Als österreichischer Lizenznehmer für das Spezialglas Heat Mirror konnte MGT Mayer Glastechnik, Feldkirch, bei der Überkopfverglasung der Sozial- und Wirtschaftswissenschaftlichen Fakultät (SOWI) der Universität Innsbruck eine interessante Lösung anbieten.

Glasfassaden und Überkopfverglasungen sind aus der modernen Architektur nicht mehr wegzudenken. Sie eröffnen Freiräume und erfüllen den Wunsch nach Licht und Transparenz – so auch beim Bau der SOWI an der Universität Innsbruck. Die richtige Wahl der Verglasung in Bezug auf Sonnen- und Wärmeschutz wie auch im Hinblick auf die Erfüllung statischer Anforderungen ist ein wesentliches Kriterium für eine funktionierende Außenhülle im Gebäude.

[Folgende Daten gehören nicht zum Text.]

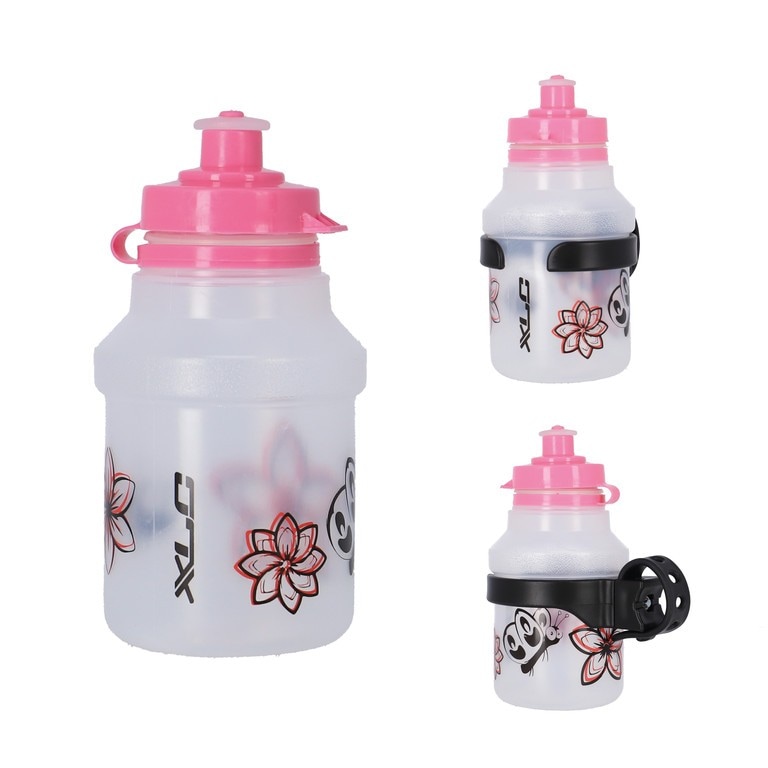 XLC Water bottle kids 350ml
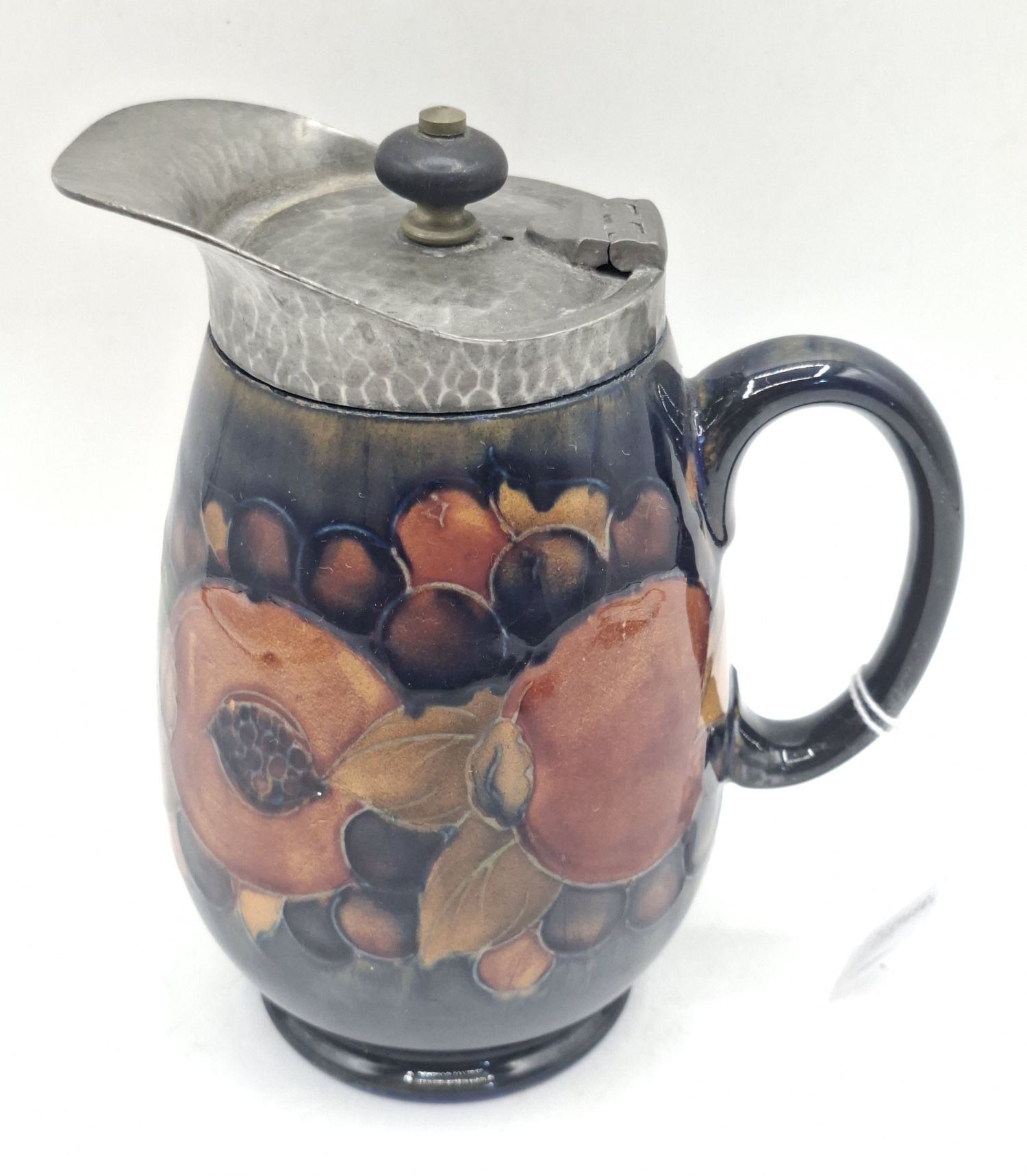 WILLIAM MOORCROFT JUG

Infolge gravierender Probleme der bestehenden Dachverglasung war an der SOWI ein Komplettaustausch der eingebauten Isoliergläser notwendig geworden. Die Anforderungen an die neue Verglasung wurden wärme- und sonnenschutztechnisch optimiert (Ug 0,6; g-Wert 27%), was eine Dreifach-Isolierverglasung erfordert hätte. Diese hätte jedoch zu statischen Problemen bei der bestehenden Tragkonstruktion geführt.

Pfiffige Lösung. Diese besondere Herausforderung konnte mit dem Einsatz des Isolierglases MGTherm Heat Mirror gelöst werden. Dabei handelt es sich de facto um ein Zweifach-Isolierglas mit Isolierwerten einer Dreifach-Verglasung, jedoch lediglich mit dem Gewicht einer herkömmlichen Zweifach-Verglasung. Das für die Glasoptimierung verantwortliche Planungsbüro Landmann, Innsbruck, sah mit dem Produkt Heat Mirror alle Vorgaben optimal erfüllt.

Dabei sprachen die genannten Vorteile in Bezug auf Isolierwerte und Gewicht, aber auch die Möglichkeit, Gläser bis zu einer Länge von 5,1 m zu produzieren, für den Glashersteller MGT. Mit Glaslängen von 5,1 m konnte ein Glas-Glasstoß in der Schrägverglasung vermieden werden, was bekanntermaßen immer ein Schwachpunkt in einer Schrägverglasung ist. Durch den Wegfall einer Metallsprosse wurde darüber hinaus auch noch eine Kostenreduktion erzielt.

Da es sich bei diesem Objekt um eine Sanierung in einem im Vollbetrieb befindlichen Universitätsgebäude handelte, war eine exakt abgestimmte Terminkoordination Voraussetzung für die reibungslose Abwicklung dieser anspruchsvollen Maßnahme.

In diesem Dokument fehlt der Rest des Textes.